Son's parent-teacher conference last night. Arrive to be confronted with sign-up list; upon signing, sit down and observe that all women present appear to have better sheitlach than I. Resolve not to let this observation lead to inferiority complex, as fall down resulting slippery slope likely to end in bankruptcy and/or psychiatric condition. Instead focus on completing translation of Nautilus Pompilius song begun earlier that day while waiting for court case to be called. Other parents talk about sheitlach and upcoming sheva brochos of couple unknown to me.

Finally, my turn arrives and I enter classroom. Rebbe looks up at me and smiles weakly; I take this as cue to introduce myself, whereupon he nods and remains silent. I sit down and look at him expectantly, as do not quite like to ask What Trouble has Son been Getting Into? Rebbe appears to pull self together and tells me that Reading is very Good, but can be Wild at Playtime, neither of which surprises me. Inquire as to What he thinks should be Done, more to appear Caring Parent than because I think anything can be done to significantly modify Son's Behavior. He tells me it has gotten Better (Why?) and inquires whether we are related to a Rav who used to be on the Lower East Side about fifty years ago, because our last name is not common, and Son looks a little like him.

Lack of content to this meeting should have been wholly anticipated by self, as particularly Egregious acts by child always precepitate phone calls from concerned educators - such as last year, when Son tried to practice karate moves on the other children. (Query: why, nevertheless, do I feel compelled to attend these Events? Answer: deep-seated and possible irrational conviction that it is necessary in order to be a Good Mother.)

Return on foot, with coat open due to broken zipper, and begin to watch Raiders of the Lost Ark. After the first fifteen minutes give up in exasperation, as have recalled ending as well as annoying behavior of female lead, who insists on wearing skimpy white dresses in all kinds of inappropriate locations such as snake-infested pyramids and pirate ships, and screams Too Much.

Thursday, December 11, 2008

I Go to a Wedding

Attend wedding on Tuesday night, where run into Mrs. K, whom I see every morning at my son's bus stop. She says (in rather startled tone) that I look Very Nice; considering my usual morning appearance at bus stop, this is not saying Much.

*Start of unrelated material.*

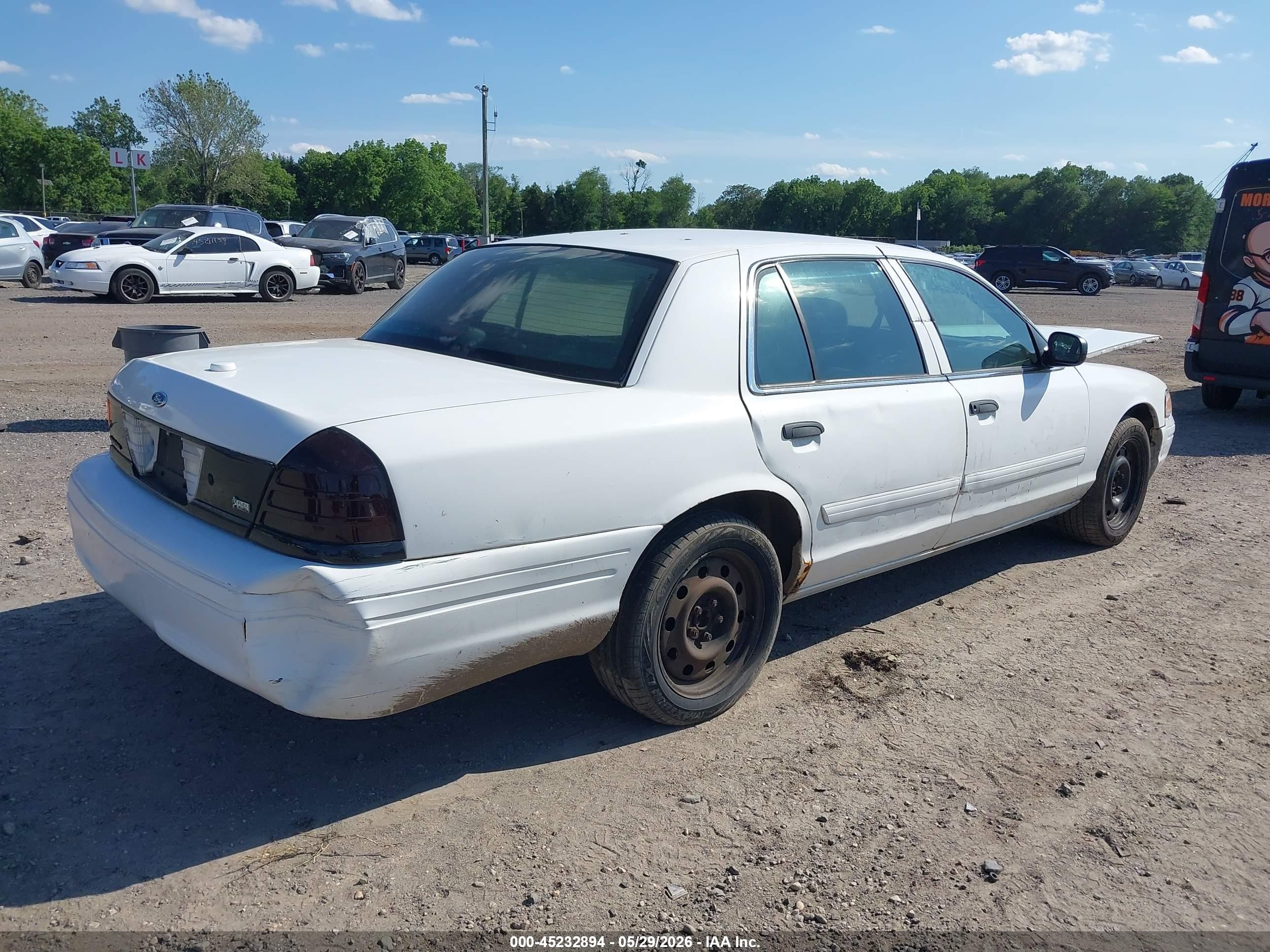 2011 Ford Crown Victoria Commercial Long Wheelbase Белый vin: 2FABP7AV0BX103999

At table, am witness to debate concerning desirability or otherwise of a broad education. Mrs. X thinks that Our Children should be sheltered from all Harmful Influences; Mrs. Y, on the other hand, while agreeing that we do not want any Harmful Influences (as, indeed, who does?), considers best way to avoid H.I. is to teach a child to Think for itself. Tear myself away from contemplation of salmon on my plate in order to interject that My parents let me read Anything - in fact, very much liked to read Balzac when I was ten - and I turned out All Right.

Mrs. X stares dubiously and says, This may not be for Everyone. Mrs. Y says, There, you see! and we proceed to agree that actual learning in school far preferable to speeches about tznius and future motherhood. Indeed, should have been very depressed to listen to such stuff at age sixteen, as did not particularly like small children and detested conversations about clothing.

Suspect that tznius craze is excuse to talk about sex and clothing, and feel quite righteous about doing so.